Also i want to add some oak chips but would rather do it after the primary stage because i want to save some of the yeast slurry for something else, is it ok to do this?


----------



## Arne (Oct 2, 2011)

Howdy,
If you havn't started yet, I would go find a paint straining bag or two at your local paint store, big lumber yart or wherever. Put your berries in it or them and you can hand crush em or hit em with a tater masher ormaybe a 2X4 depending on how hard they are. You can also just put em loose in the must, but then strainin out the pieces can be a pain. I do not know how big your berries are, but if they are big, you mite need a few more.

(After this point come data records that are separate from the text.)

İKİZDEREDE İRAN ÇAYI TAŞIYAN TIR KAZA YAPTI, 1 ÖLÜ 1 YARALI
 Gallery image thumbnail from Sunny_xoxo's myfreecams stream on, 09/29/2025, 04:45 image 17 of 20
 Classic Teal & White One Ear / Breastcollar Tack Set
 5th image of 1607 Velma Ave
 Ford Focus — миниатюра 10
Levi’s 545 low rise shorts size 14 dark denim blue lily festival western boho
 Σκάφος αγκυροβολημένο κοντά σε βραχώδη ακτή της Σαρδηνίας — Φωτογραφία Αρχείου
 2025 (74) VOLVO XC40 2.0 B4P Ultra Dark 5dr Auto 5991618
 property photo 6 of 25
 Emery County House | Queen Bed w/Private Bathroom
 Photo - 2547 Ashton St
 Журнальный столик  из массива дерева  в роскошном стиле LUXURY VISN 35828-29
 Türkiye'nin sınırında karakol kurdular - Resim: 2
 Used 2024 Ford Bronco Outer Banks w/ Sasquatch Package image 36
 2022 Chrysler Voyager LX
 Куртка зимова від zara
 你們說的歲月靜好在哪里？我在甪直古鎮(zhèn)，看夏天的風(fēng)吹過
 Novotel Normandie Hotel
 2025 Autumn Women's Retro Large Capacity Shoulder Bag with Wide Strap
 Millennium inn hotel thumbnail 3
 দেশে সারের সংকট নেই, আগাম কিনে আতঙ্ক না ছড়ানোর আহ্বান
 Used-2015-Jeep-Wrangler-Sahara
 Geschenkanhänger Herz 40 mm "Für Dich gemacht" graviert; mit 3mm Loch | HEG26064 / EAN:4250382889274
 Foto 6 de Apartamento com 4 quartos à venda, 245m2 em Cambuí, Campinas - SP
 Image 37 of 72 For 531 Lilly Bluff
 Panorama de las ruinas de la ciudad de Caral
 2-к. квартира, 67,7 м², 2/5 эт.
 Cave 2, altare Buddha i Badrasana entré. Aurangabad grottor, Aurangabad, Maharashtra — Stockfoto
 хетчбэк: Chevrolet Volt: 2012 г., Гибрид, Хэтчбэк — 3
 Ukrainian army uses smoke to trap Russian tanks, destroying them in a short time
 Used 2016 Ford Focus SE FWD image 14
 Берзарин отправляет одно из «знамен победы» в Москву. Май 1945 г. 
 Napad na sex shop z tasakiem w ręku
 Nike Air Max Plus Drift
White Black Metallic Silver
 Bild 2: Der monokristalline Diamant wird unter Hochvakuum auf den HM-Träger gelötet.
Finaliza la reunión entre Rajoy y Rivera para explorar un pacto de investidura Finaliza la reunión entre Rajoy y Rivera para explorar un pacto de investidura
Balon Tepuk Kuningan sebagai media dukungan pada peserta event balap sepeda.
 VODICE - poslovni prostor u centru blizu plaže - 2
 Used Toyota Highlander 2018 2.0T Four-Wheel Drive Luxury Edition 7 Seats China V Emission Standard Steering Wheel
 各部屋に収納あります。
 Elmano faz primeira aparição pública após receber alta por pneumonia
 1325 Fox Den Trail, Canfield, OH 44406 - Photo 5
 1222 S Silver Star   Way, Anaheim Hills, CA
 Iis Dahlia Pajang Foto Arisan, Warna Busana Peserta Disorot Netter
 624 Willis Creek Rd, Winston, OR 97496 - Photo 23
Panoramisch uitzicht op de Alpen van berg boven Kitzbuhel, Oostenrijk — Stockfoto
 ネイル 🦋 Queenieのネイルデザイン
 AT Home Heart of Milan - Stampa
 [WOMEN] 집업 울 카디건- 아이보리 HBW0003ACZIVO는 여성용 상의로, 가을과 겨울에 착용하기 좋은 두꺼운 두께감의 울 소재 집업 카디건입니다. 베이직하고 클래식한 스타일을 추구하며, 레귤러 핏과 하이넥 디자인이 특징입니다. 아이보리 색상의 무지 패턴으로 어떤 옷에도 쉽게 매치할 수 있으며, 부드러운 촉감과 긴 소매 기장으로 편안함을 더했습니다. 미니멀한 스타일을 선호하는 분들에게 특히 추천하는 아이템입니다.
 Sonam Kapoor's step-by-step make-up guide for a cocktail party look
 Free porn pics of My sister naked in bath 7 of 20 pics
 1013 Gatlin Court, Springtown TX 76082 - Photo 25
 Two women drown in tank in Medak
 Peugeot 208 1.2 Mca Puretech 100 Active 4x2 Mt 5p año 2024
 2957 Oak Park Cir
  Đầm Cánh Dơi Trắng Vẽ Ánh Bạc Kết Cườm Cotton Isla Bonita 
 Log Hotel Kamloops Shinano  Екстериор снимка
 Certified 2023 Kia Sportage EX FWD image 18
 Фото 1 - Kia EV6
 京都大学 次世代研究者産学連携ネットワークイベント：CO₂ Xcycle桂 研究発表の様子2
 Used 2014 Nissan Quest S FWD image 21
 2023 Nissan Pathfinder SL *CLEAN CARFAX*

You will know after this time, so if you don't get enough flavor next time you can add some more berries. you also have the option of making a f-pac and adding later if you can still get more berries now. Before I would start your wine I would freeze the berries first. After a couple days freezing,thaw em out and put em in your primary. Crush em up, add your water and sugar up to S.g. of 1.080 or so, add your campden tabs and let it sit for 12 to 24 hrs or so. Add your pectic enzime, let it sit for 12 hrs or so and add the rest of your ingredients and pitch your yeast. Best way is to make a yeast starter out of a little must, a little sugar, and some warm water, 100 degrees or so. Put the yeast in, and feed it a little must every so often while you are waiting for everything else to work. i usually put it in a quart jar, cover with a paper towel and a rubber band. When it all gets going, pitch it into your must, cover your primary with a lid with a tea towel between the lid and the bucket, open it up and give it a stir twice a day or so and watch er go. If you have the berries in a bag, punch em down into the must when stirrin. If your bucket is pretty full, put it in a container that will catch some overages if it takes off too big. If you have a big tray of some kind the bucket can sit in, fine, I use a big garbage bag, set the bucket in the bottom of it and kinda pull it part way up the bucket. This little hint can save you a bunch of grief. lol. I will say this is experience talking, and it doesn't necessarilly happen the first time you try this. Can't remember the other questions you had, but this will get you started. Good luck with it, hope it is the greatest wine you ever tasted, Arne.


----------



## docanddeb (Oct 4, 2011)

I don't use bags at all anymore. When I'm ready to pull the fruit out, I just use the steamer portion of my large soup pot set... scoop the berries out... shake out the liquid a bit and toss in a pot. If I really want more from it, I'll settle it out, but usually the fruit has given most everything up. This leftover stuff is what I put in the skeeter pee for flavoring, if I'm going to make it. When you are dealing with 30-50# of fruit, there is no GOOD way to squeeze it all out anyway. The compost pile seems happy after that.

Debbie


----------